▶ Problem details
Output, exactly and with no pictures, the line that contains "L-R: Jason Hayes" and every line that comes after it in the data below, the last one included.

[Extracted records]
——————

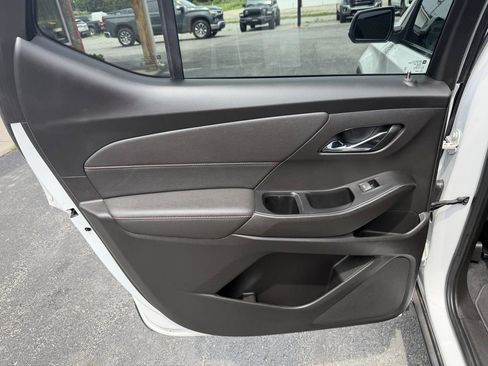Used 2023 Chevrolet Traverse RS FWD image 17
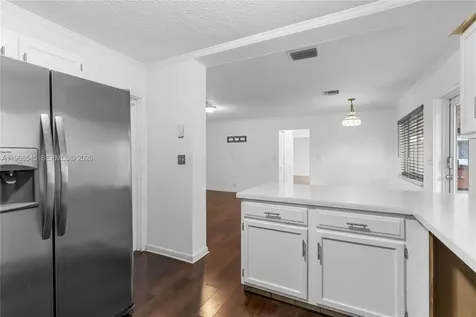 11069 Glenwood Drive Coral Springs FL 33065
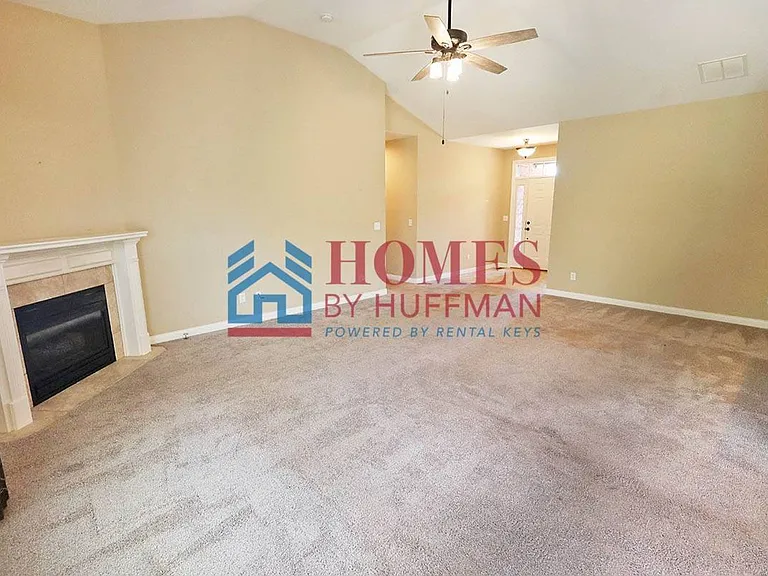2966 Megan Dr — Photo 5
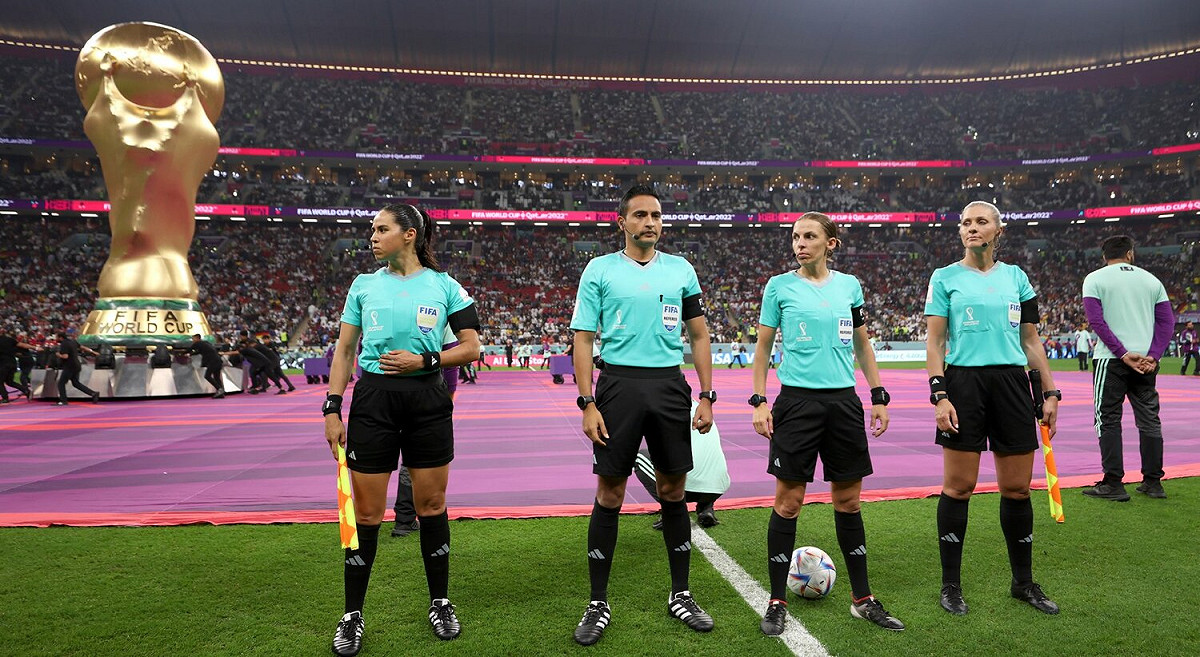 法國籍裁判法拉帕特（Stephanie Frappart，右二）於卡達世足小組賽執法。 圖：翻攝自FIFA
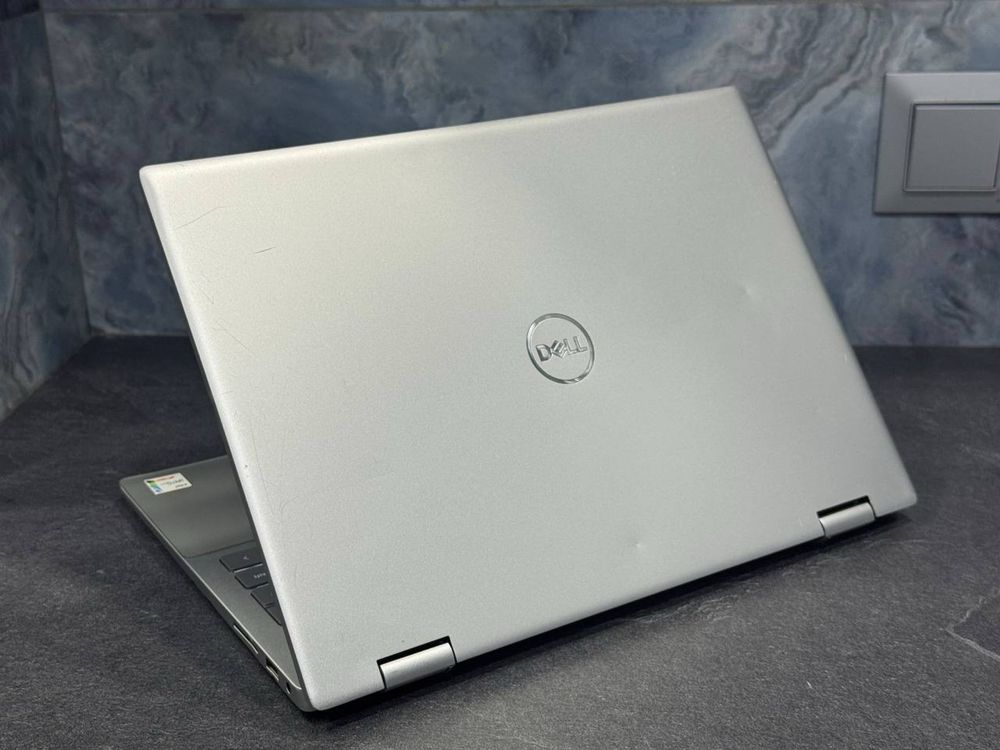 Dell inspiron x360 i5-1235U / 16 / 256 SSD M2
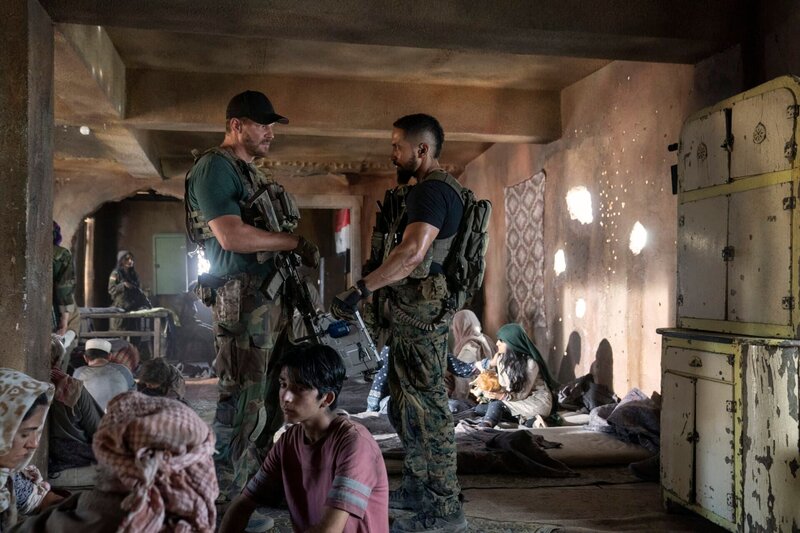 L-R: Jason Hayes (David Boreanaz) und Ray Perry (Neil Brown Jr.) – Bild: Monty Brinton /​ CBS STUDIOS /​ CBS Studios /​ © 2022 CBS Studios Inc. All Rights Reserved.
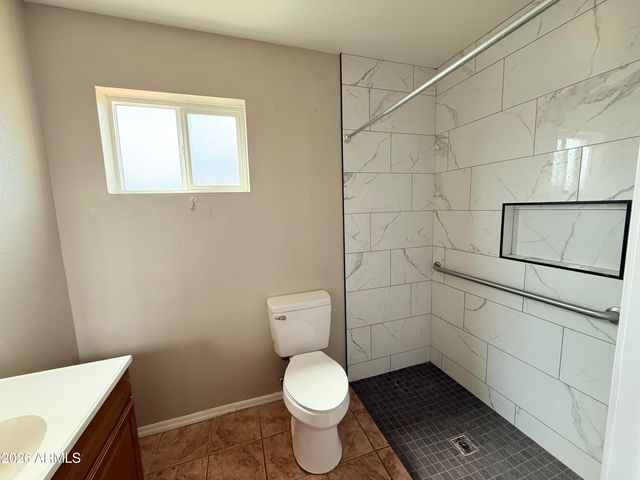 2913 W WOODRIDGE Drive, Phoenix, AZ 85053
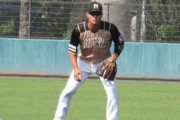 日ハム3年目捕手、郡がプロでは初のセカンドで先発出場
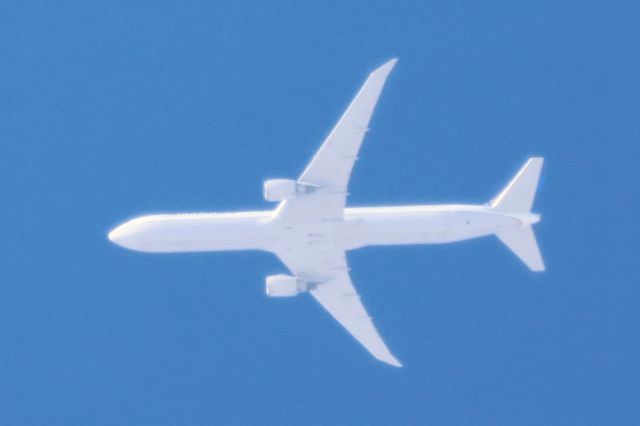 N69059 — - N69059 Boeing B-767 224 United Airlines UA963 De Berlin BER. Vers Newark EWR. Altitude 975 Mètres. Vitesse 829 KM/H. Survolant la ville de Lavaltrie QC. Le 24-01-2024 à 11:26.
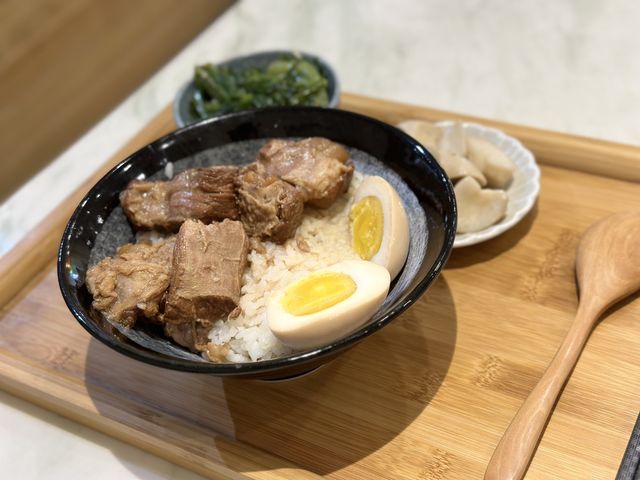 🍚 甲奔：家常菜的極致美味！🍍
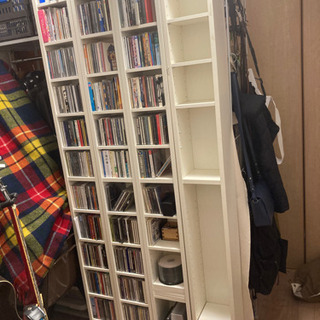 【4つあります】IKEA イケア  グネドビー CD DVD 単行本 本棚 の画像
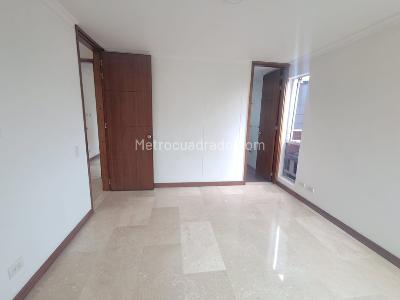 Apartamento de 3 alcobas en arriendo en Laureles, Medellín, 105 m² · foto 14 de 17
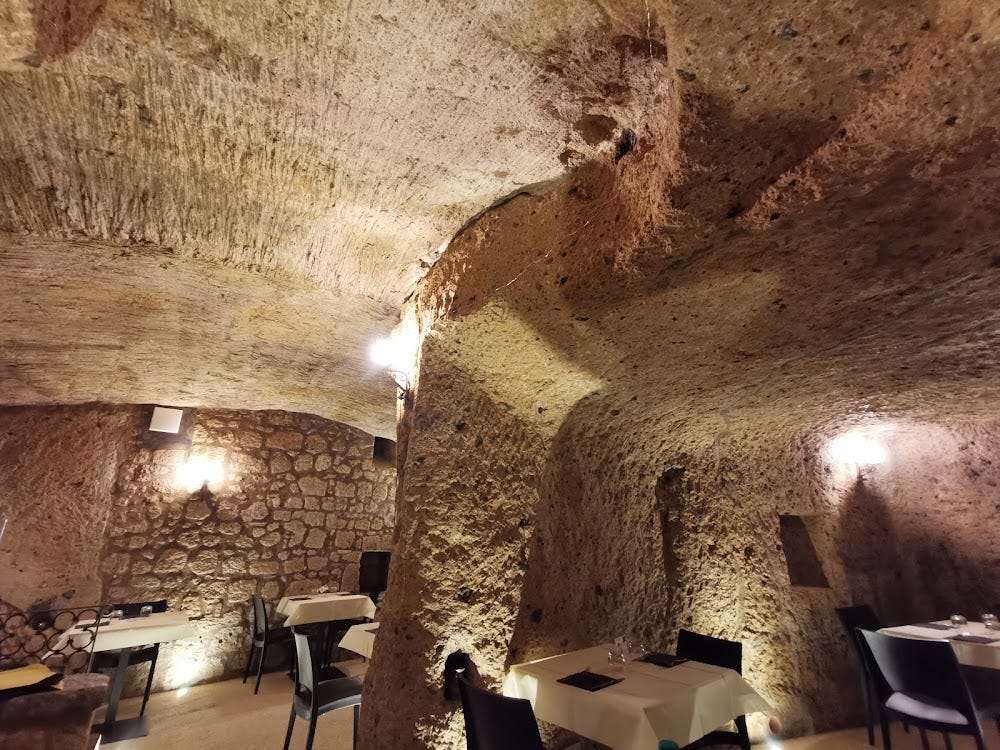 Il Pozzo Dei Desideri: Italian Restaurant in Bagnoregio, Province of Viterbo
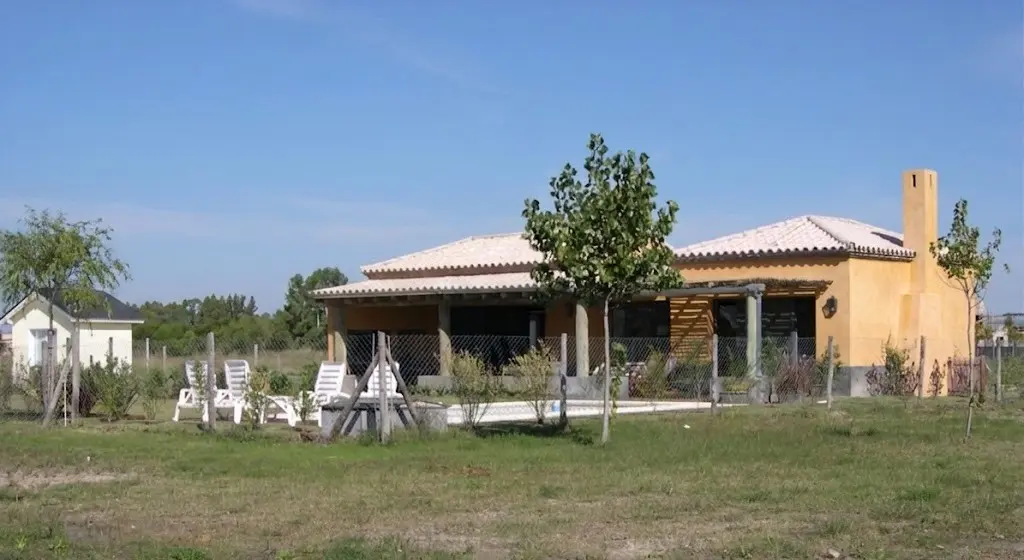 Casa Alamo (contrafrente)- Arq. Silvia Martínez - Capilla del Señor.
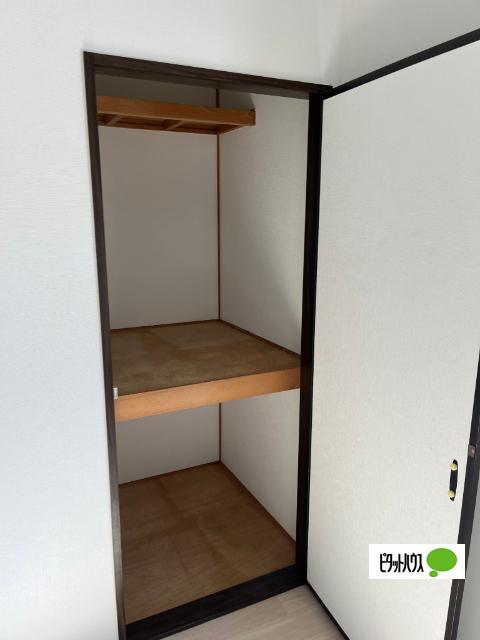 フレグランスにしがたB（101） 収納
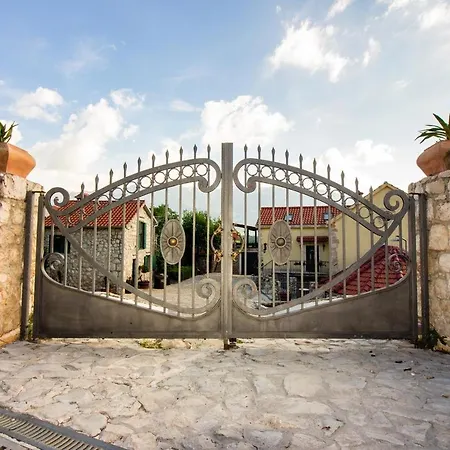 Villa Bajici 11328 Grabovac (Split-Dalmatia)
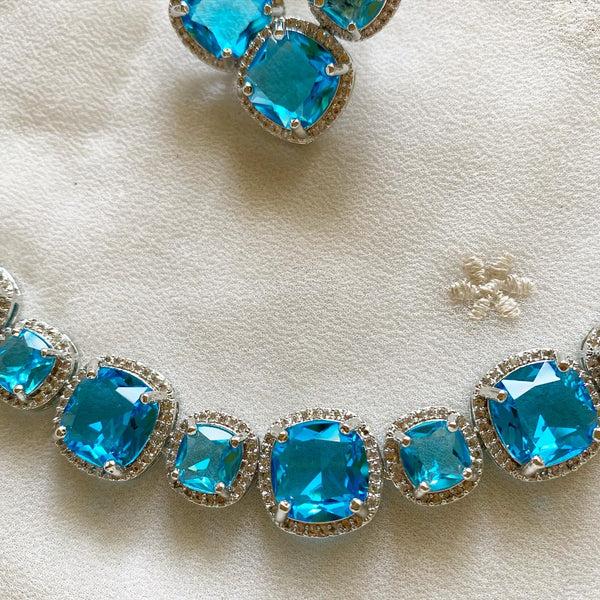 Faux Diamond Doublet neckset - Such a Blue! - Adorna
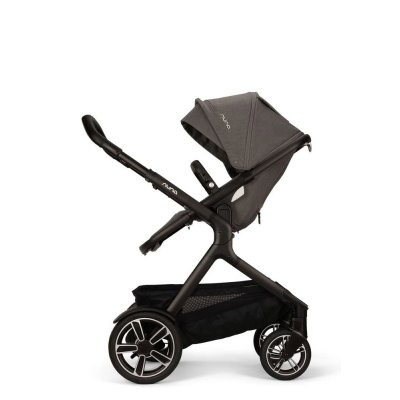 Poussette demi next thunder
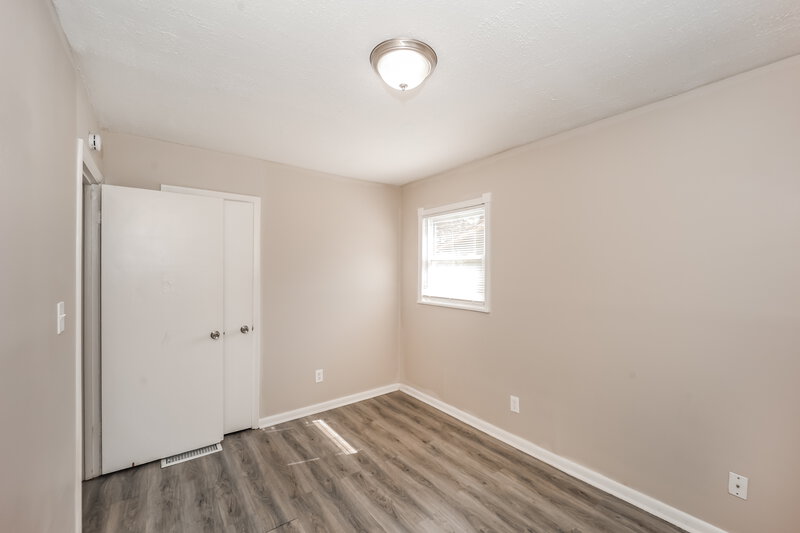 1,600/Mo, 7032 Ray St Riverdale, GA 30274 Bedroom View 4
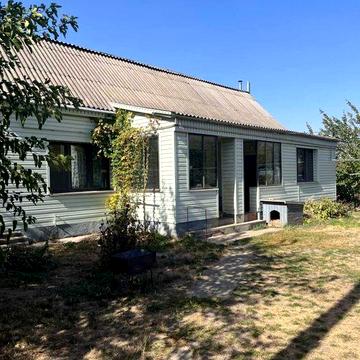 Продається будинок в районі ГРЛ на 2 входи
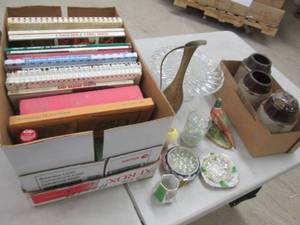 lot 264 image: Books, Dcor, Collectables...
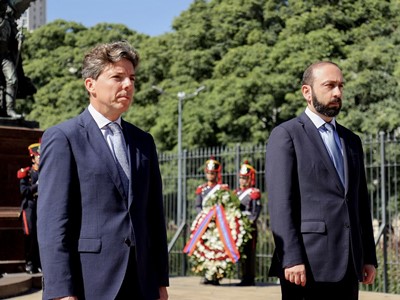 Глава МИД Армении: Аргентина открыла свои двери для армян, бежавших из Османской империи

——————

▶ Your response
 L-R: Jason Hayes (David Boreanaz) und Ray Perry (Neil Brown Jr.) – Bild: Monty Brinton /​ CBS STUDIOS /​ CBS Studios /​ © 2022 CBS Studios Inc. All Rights Reserved.
 2913 W WOODRIDGE Drive, Phoenix, AZ 85053
 日ハム3年目捕手、郡がプロでは初のセカンドで先発出場
 N69059 — - N69059 Boeing B-767 224 United Airlines UA963 De Berlin BER. Vers Newark EWR. Altitude 975 Mètres. Vitesse 829 KM/H. Survolant la ville de Lavaltrie QC. Le 24-01-2024 à 11:26.
 🍚 甲奔：家常菜的極致美味！🍍
 【4つあります】IKEA イケア  グネドビー CD DVD 単行本 本棚 の画像
 Apartamento de 3 alcobas en arriendo en Laureles, Medellín, 105 m² · foto 14 de 17
 Il Pozzo Dei Desideri: Italian Restaurant in Bagnoregio, Province of Viterbo
 Casa Alamo (contrafrente)- Arq. Silvia Martínez - Capilla del Señor.
 フレグランスにしがたB（101） 収納
 Villa Bajici 11328 Grabovac (Split-Dalmatia)
 Faux Diamond Doublet neckset - Such a Blue! - Adorna
 Poussette demi next thunder
 1,600/Mo, 7032 Ray St Riverdale, GA 30274 Bedroom View 4
 Продається будинок в районі ГРЛ на 2 входи
 lot 264 image: Books, Dcor, Collectables...
 Глава МИД Армении: Аргентина открыла свои двери для армян, бежавших из Османской империи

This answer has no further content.